WHAT YOU WILL DO:
Match the string "design" against each line below, and copy every line that matches.

INFORMATION SHOWN:
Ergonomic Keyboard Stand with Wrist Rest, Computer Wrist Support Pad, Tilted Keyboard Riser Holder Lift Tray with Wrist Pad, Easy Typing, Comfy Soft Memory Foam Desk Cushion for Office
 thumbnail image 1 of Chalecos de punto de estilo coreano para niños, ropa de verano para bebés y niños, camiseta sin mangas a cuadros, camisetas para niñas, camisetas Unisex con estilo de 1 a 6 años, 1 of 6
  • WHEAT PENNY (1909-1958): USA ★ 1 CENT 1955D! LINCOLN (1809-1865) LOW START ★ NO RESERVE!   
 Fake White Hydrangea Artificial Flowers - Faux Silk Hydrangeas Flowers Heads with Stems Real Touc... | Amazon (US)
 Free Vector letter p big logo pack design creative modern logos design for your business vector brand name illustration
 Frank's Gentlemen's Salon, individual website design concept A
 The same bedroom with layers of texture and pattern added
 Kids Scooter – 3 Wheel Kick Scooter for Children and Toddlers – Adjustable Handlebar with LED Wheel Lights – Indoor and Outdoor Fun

EXERCISE ANSWER:
 Free Vector letter p big logo pack design creative modern logos design for your business vector brand name illustration
 Frank's Gentlemen's Salon, individual website design concept A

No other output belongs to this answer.